The phrase “if you like it so much, why don’t you move there” has long been deployed as a way to get someone to shut up. Recent news on the upswing in Canada’s tech jobs following the change in the U.S.’s presidential administration this January might finally prove the phrase defunct. Turns out people actually will move to a country that they consider to be handling the big issues correctly: “Numerous” startups in the Toronto area have seen sustained, double-digit increases in the number of job applications since the U.S. election.
The Brain Drain
The news comes via Axios, which notes that this is not only the first hard proof that Trump’s administration is creating a brain drain in the U.S., but that the effects are stronger than they have been for decades past.
“I’ve been in tech for over 20 years in Canada and in Silicon Valley, too. I’ve never seen candidates from the U.S. apply for Canadian positions from places like Silicon Valley,” Roy Pereira, the CEO of Zoom.ai, told Axios. “That’s never happened.”
From the same article: “Cyclica CEO Naheed Kurji told Axios that he saw a ‘significant and notable spike’ in U.S. applicants in the months immediately after the November election.”

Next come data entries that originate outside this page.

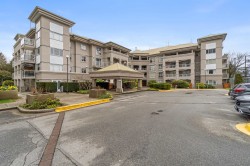 401-10533 University Drive  Surrey, BC V3T 5T7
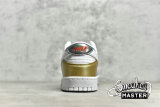 NIKE SB DUNK LOW SE WHITE/METALLIC GOLD/METALLIC SILVER DH4403-700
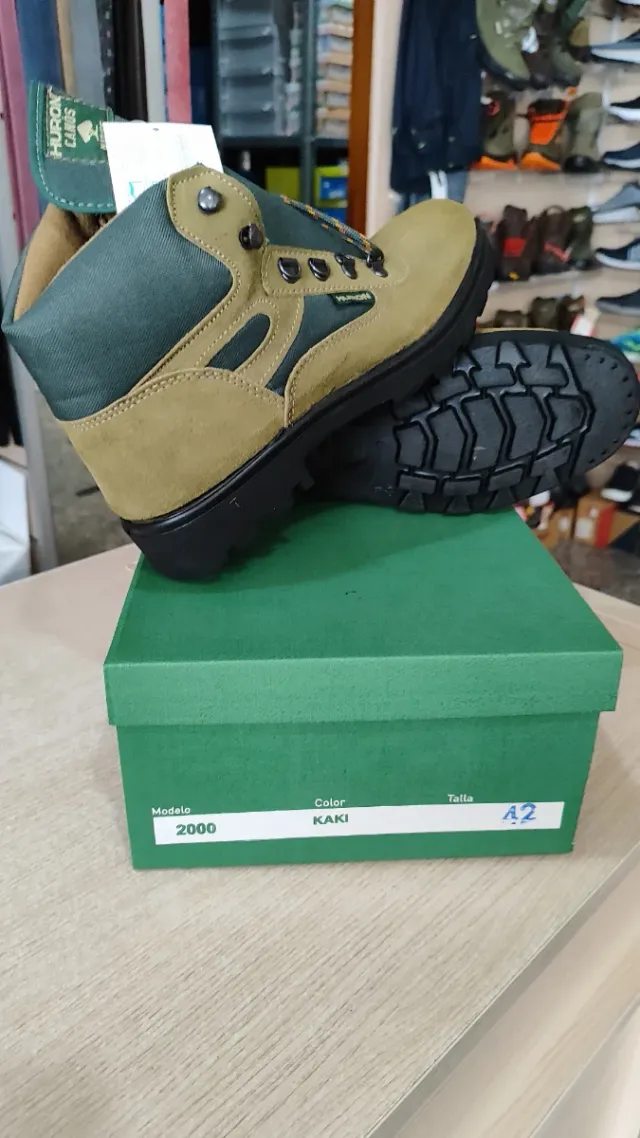 Botas Hurón Canos Talla desde 36 al 46.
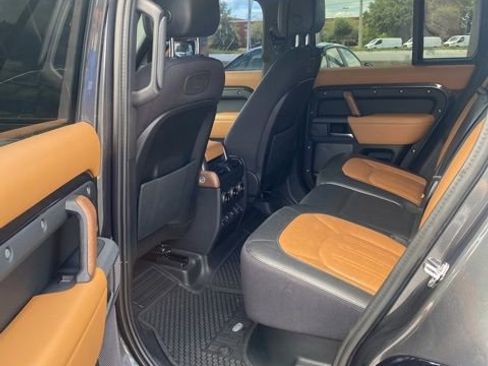 Used 2022 Land Rover Defender 110 X AWD/4WD image 8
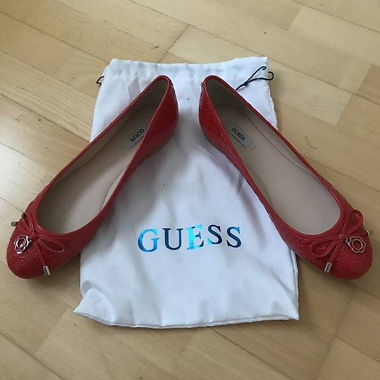Guess Ballerina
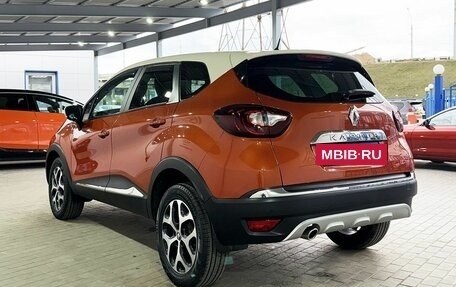Renault Kaptur I рестайлинг, 2017 год, 1 399 000 рублей, 3 фотография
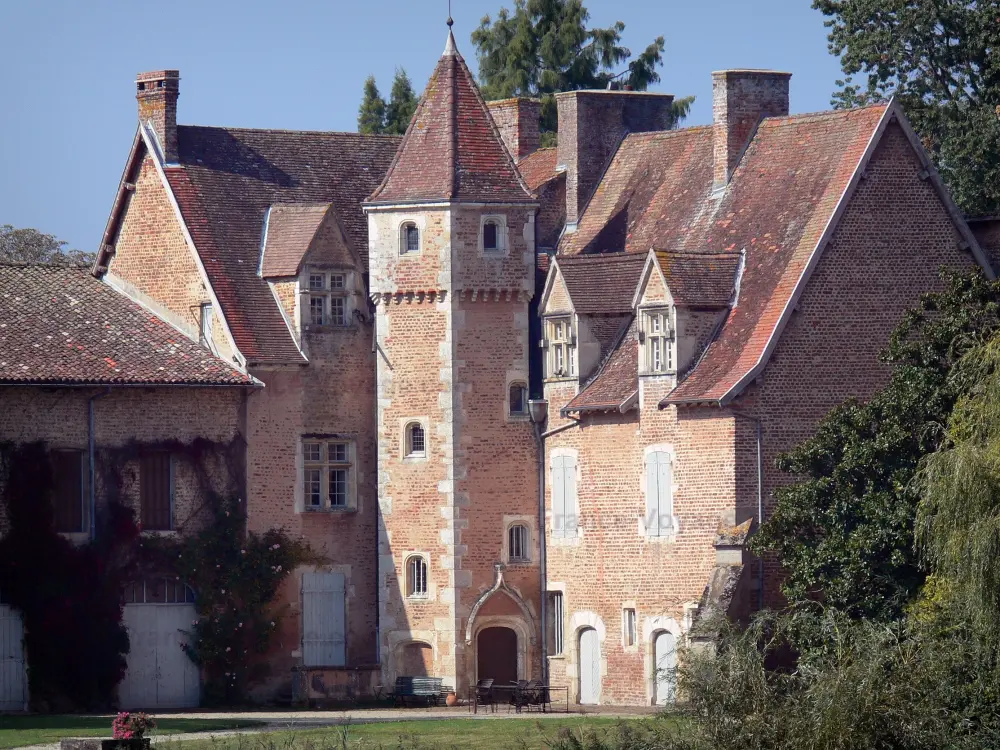 La Dombes - Dombes: Château de Saint-Paul-de-Varax (demeure en briques)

A MaRS survey from July 2017, Axios explains, reported that 62 percent of Canada’s high-growth companies have “seen a notable recent increase in U.S.-based applicants.” The whole thing recontextualizes a tidbit Indeed.com’s Raj Mukherjee shared with me back in February when he mentioned that “right around the election, there were a lot of people searching for jobs in Canada.”
What It Means
Trump’s strong stance against immigration — demonstrated in his plans for a wall, his self-termed “Muslim ban,” and his threats to cut back on work visas — is one clearly opposed by the nature of Silicon Valley and its tech-savvy inhabitants. Tech leaders who are either the children of immigrants or immigrants themselves include Tesla and SpaceX’s Elon Musk, Reddit founder Alexis Ohanian, Google’s Sergey Brin, Amazon’s Jeff Bezos, and a little guy you may have heard of by the name of Steve Jobs.
American tech companies might respond by establishing more Canadian offices, but Toronto already has its own response on the way. MaRS, the city’s new startup incubator, is 20 stories and 1.5 million square feet.